In my last column, I began to share about my experience as a multi-industry change leader, expounding on advice I shared in conversation with Dr. Patton McDowell on his podcast Your Path to Nonprofit Leadership. Bottom line: being a leader requires us to have confidence in our experience and the fortitude to continue investing in ourselves with time spent looking, listening, and learning. 

Now, I want to focus on a few examples of relational experiences I had over the course of my career that added to my leadership toolkit. 

Foundation of relationships

I can’t emphasize enough the simple truth that leadership does not and cannot exist in a vacuum. No matter what industry you find yourself in, as a leader you are still a building block in a structure much larger than yourself. As you build your network, you are sure to find that there are just as many people you can learn from as there are people who wish to learn from you.

One of my favorite authors and faith leaders, Dr. Dharius Daniels, highlights that in leadership your dream can only go as far as your team. I’d encourage you to think of your team as individuals from a variety of directions, dynamics, and contexts, all of whom are shareholders in your degree of impact. In other words, their success is your success, and vice versa. 

When I reflect upon several roles where I was selected to lead a large team through change, I always had a foundation of relationships that provided counsel and support. I relied on peers and mentors in similar roles outside of my organization, like Dr. Walt Tobin, President of Orangeburg-Calhoun Technical College (OC Tech).

Like me, Dr. Tobin came from a family with high standards when it came to his and his siblings’ education. As educators themselves, his parents worked hard to provide ample opportunity for their children to thrive personally and professionally. For Dr. Tobin, that involved an early career in K-12 education, leading as an assistant principal, then principal, before rising in responsibility and tenure at OC Tech. All along the way he too had mentors who guided him in his career; and he was set on paying forward that encouragement to other leaders, me among them. 

What listeners of the podcast will already know is that, a few years ago, I reached a point in my career where I was ready for a change. I desired to make a greater impact, though I wasn’t sure where or how just yet. I’d received calls and inquiries about positions across the country, but I hesitated, unsure if they aligned with my personal values or my strategic vision for my career—or if I was ready to take on the challenges that came with that vision.

When talking to Dr. Tobin about the tensions I was experiencing, he pushed me to consider some risks and to think outside the box. He reassured me that I was ready, which is admittedly something that was helpful to hear from someone outside of my immediate purview. His encouragement helped put me in confident headspace so that, when the opportunity to lead Teach For America’s move to a statewide model came my way, I could see myself at its helm.

Having someone like Dr. Tobin “on my team,” has been incredible, and has been an example to me of how to invest in those working under my leadership. I recently shared more about Dr. Tobin as a local pillar of Black excellence in a LinkedIn post, if you’d like to learn more about him!

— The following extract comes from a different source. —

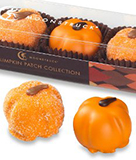 Pumpkin Patch Chocolate Collection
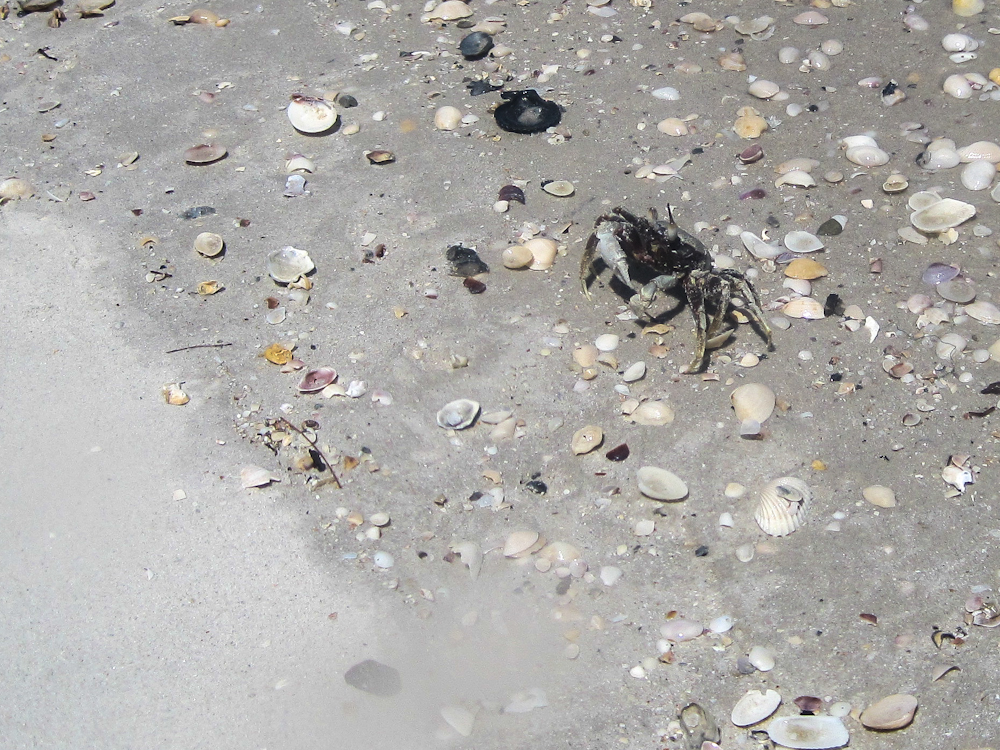 Лангкави, Малайзия - август 2012 (ч.2 - Пляжи)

Feeding the cycle of talent development

Building my team in the more literal sense has come to involve looking for a few key components: strong character, a growth mindset, and oftentimes, depending on the scope of their responsibilities, an ability to coach others. With these in mind, I know that the team assembled will be adaptive to challenges and changes when they arise and that they will work toward a shared vision along the way. 

Developing talent, however, is not only about a hiring philosophy, but also about maximizing the potential of every person already sitting on your team. I have been fortunate enough to inherit incredible talent within the teams I’ve led over the years, including a brilliant woman named Lydia Hall.

When we met at York Technical College, Lydia was an admissions counselor whom I only occasionally crossed paths with and only began working together once I assumed directorship of the Strategic Communications and Marketing department. It was the first time someone in my role made an effort to meet regularly with student-facing staff like Lydia, and they were wowed when I asked more about their efforts and what they needed. 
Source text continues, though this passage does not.